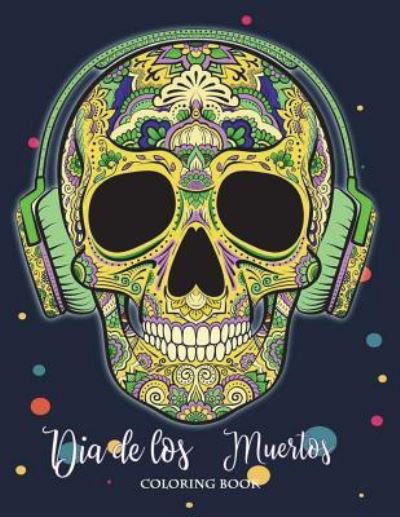 Cover for Copter Publishing · Dia de Los Muertos Coloring Book (Pocketbok) (2017)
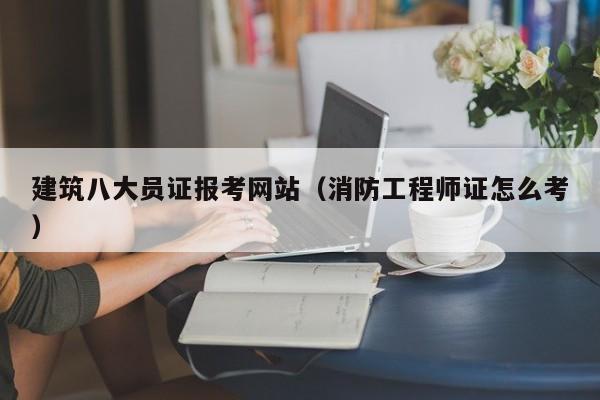 建筑八大员证报考网站（消防工程师证怎么考）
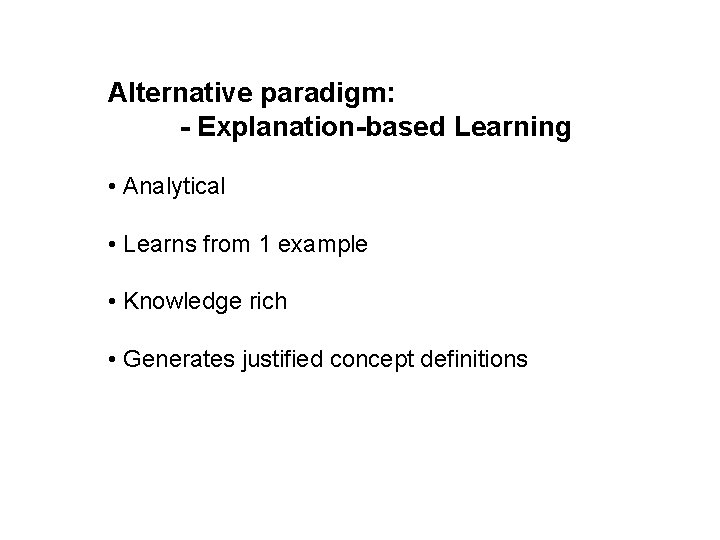 Alternative paradigm: - Explanation-based Learning • Analytical • Learns from 1 example • Knowledge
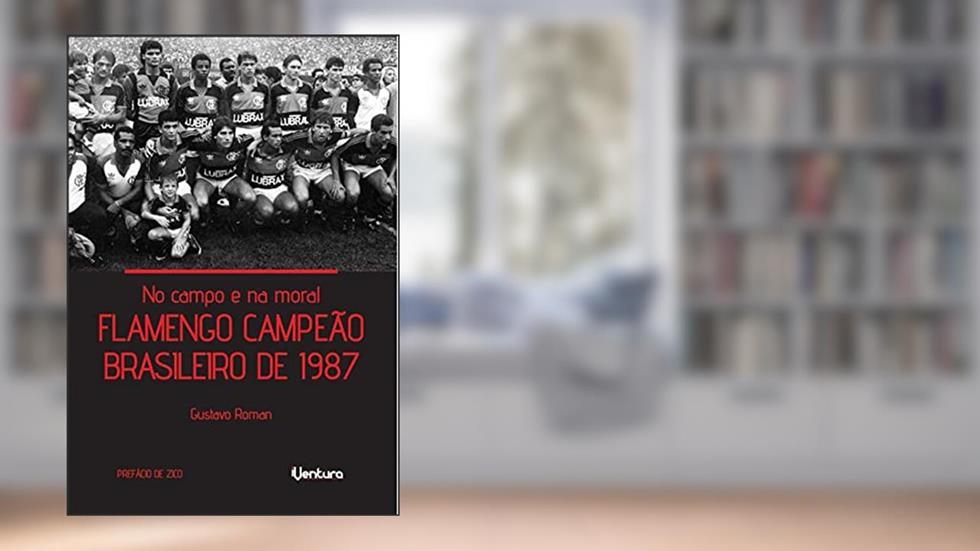 No campo e na moral - Flamengo campeão brasileiro de 1987, do autor Gustavo Roman
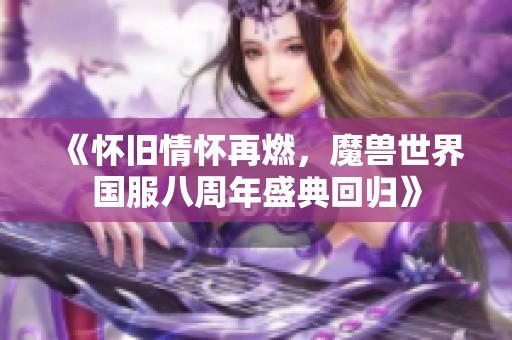 《怀旧情怀再燃，魔兽世界国服八周年盛典回归》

_ _ _ _

- [Try it]
Omit the pictures, then extract verbatim only those lines that fall between the line containing "No campo e na" and the final line of the records above, both included.

- [Task solution]
 No campo e na moral - Flamengo campeão brasileiro de 1987, do autor Gustavo Roman
 《怀旧情怀再燃，魔兽世界国服八周年盛典回归》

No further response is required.